[Dataset excerpts — start]
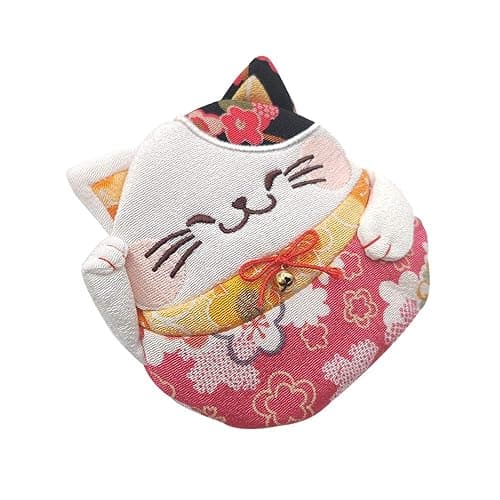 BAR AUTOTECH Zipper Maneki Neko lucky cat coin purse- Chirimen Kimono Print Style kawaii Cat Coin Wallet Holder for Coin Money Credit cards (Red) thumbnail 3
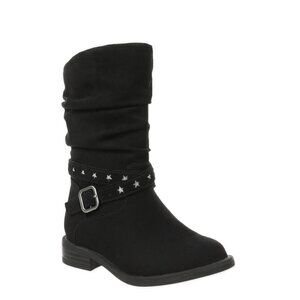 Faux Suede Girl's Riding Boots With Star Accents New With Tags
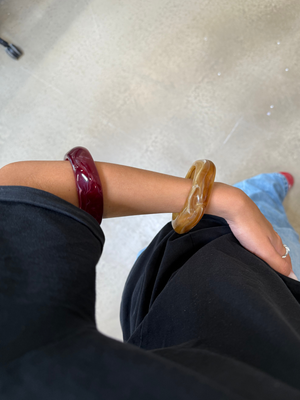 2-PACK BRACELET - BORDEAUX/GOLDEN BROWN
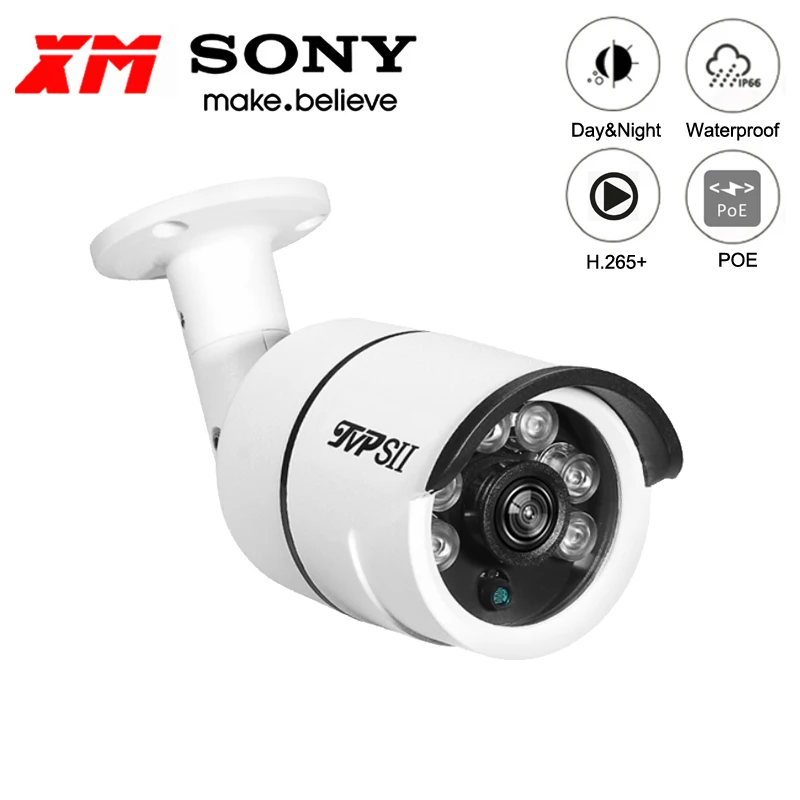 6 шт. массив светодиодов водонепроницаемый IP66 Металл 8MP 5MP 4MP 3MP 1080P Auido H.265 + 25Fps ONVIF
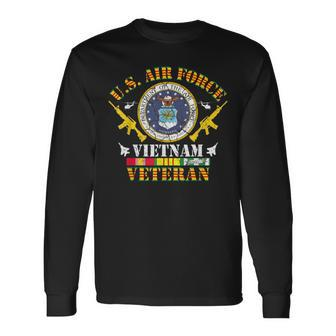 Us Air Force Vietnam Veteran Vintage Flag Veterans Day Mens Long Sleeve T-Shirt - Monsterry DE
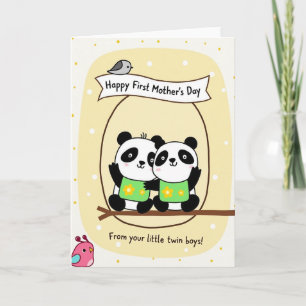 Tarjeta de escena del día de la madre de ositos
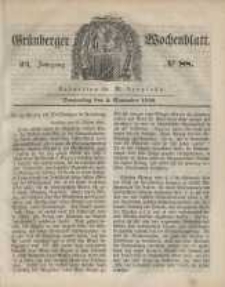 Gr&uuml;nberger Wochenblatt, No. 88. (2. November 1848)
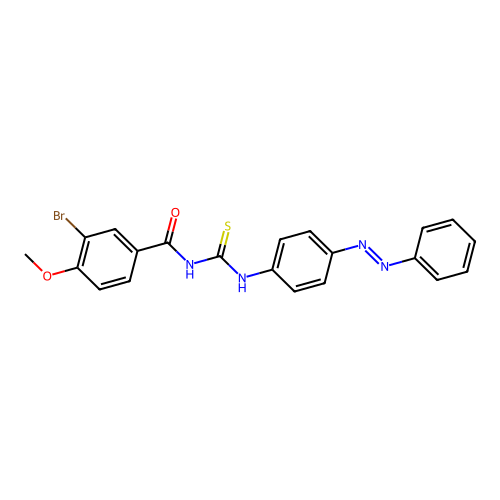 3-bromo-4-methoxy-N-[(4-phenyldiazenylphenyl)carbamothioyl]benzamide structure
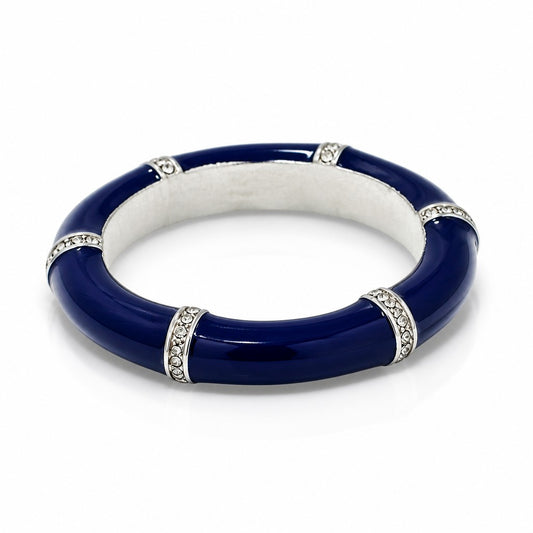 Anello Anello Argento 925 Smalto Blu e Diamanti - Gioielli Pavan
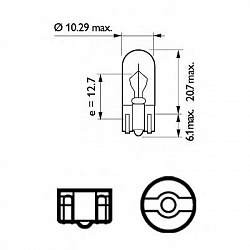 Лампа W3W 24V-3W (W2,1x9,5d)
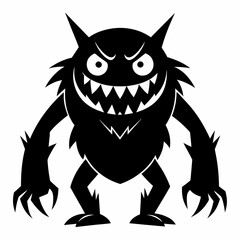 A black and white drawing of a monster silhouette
[Dataset excerpts — finish]
[Dataset excerpts — start]
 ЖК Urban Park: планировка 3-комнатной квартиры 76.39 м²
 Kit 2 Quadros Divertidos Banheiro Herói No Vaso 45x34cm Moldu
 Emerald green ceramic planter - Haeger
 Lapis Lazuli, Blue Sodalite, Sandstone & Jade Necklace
[Dataset excerpts — finish]
_The task_. The lines to copy exactly start with the line above that has "6 шт. массив" and go on through the line that has "A black and"; please include both, add nothing else, and omit the pictures.

_The answer_.
 6 шт. массив светодиодов водонепроницаемый IP66 Металл 8MP 5MP 4MP 3MP 1080P Auido H.265 + 25Fps ONVIF
 Us Air Force Vietnam Veteran Vintage Flag Veterans Day Mens Long Sleeve T-Shirt - Monsterry DE
 Tarjeta de escena del día de la madre de ositos
 Gr&uuml;nberger Wochenblatt, No. 88. (2. November 1848)
 3-bromo-4-methoxy-N-[(4-phenyldiazenylphenyl)carbamothioyl]benzamide structure
 Anello Anello Argento 925 Smalto Blu e Diamanti - Gioielli Pavan
 Лампа W3W 24V-3W (W2,1x9,5d)
 A black and white drawing of a monster silhouette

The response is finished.